### PROVIDED DATA

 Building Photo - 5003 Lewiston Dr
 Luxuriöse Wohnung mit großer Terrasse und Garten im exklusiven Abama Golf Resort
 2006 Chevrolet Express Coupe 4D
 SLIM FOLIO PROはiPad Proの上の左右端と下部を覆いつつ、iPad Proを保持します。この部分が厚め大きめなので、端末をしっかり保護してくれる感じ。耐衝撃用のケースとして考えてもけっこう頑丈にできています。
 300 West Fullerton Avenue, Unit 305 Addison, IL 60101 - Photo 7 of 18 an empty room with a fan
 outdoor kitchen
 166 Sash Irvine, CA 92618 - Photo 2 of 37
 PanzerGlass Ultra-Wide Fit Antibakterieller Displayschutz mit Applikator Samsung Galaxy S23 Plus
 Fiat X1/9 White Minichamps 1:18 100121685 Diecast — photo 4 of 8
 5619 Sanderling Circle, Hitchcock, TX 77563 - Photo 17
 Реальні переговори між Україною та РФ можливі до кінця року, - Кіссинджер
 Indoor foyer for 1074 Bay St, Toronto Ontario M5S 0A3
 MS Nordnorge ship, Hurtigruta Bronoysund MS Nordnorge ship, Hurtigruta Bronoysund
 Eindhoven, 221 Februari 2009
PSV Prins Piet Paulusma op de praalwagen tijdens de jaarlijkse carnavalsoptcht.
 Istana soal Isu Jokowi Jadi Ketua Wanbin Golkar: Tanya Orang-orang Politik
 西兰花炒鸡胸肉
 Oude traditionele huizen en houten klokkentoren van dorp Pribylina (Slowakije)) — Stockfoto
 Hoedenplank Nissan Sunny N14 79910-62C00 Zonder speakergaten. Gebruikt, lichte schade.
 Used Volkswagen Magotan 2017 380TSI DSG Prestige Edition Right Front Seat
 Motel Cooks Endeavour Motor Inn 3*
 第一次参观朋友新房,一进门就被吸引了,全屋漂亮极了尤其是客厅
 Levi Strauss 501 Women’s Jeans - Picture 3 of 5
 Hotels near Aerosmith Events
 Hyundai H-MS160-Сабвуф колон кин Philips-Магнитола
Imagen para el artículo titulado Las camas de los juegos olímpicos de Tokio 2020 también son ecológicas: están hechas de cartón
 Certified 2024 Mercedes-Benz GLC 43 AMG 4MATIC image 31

######

*GOAL OF THE EXERCISE*
Repeat exactly, and only, the lines from the one containing "Hoedenplank Nissan Sunny" through the last line above.

*TASK ANSWER*
 Hoedenplank Nissan Sunny N14 79910-62C00 Zonder speakergaten. Gebruikt, lichte schade.
 Used Volkswagen Magotan 2017 380TSI DSG Prestige Edition Right Front Seat
 Motel Cooks Endeavour Motor Inn 3*
 第一次参观朋友新房,一进门就被吸引了,全屋漂亮极了尤其是客厅
 Levi Strauss 501 Women’s Jeans - Picture 3 of 5
 Hotels near Aerosmith Events
 Hyundai H-MS160-Сабвуф колон кин Philips-Магнитола
Imagen para el artículo titulado Las camas de los juegos olímpicos de Tokio 2020 también son ecológicas: están hechas de cartón
 Certified 2024 Mercedes-Benz GLC 43 AMG 4MATIC image 31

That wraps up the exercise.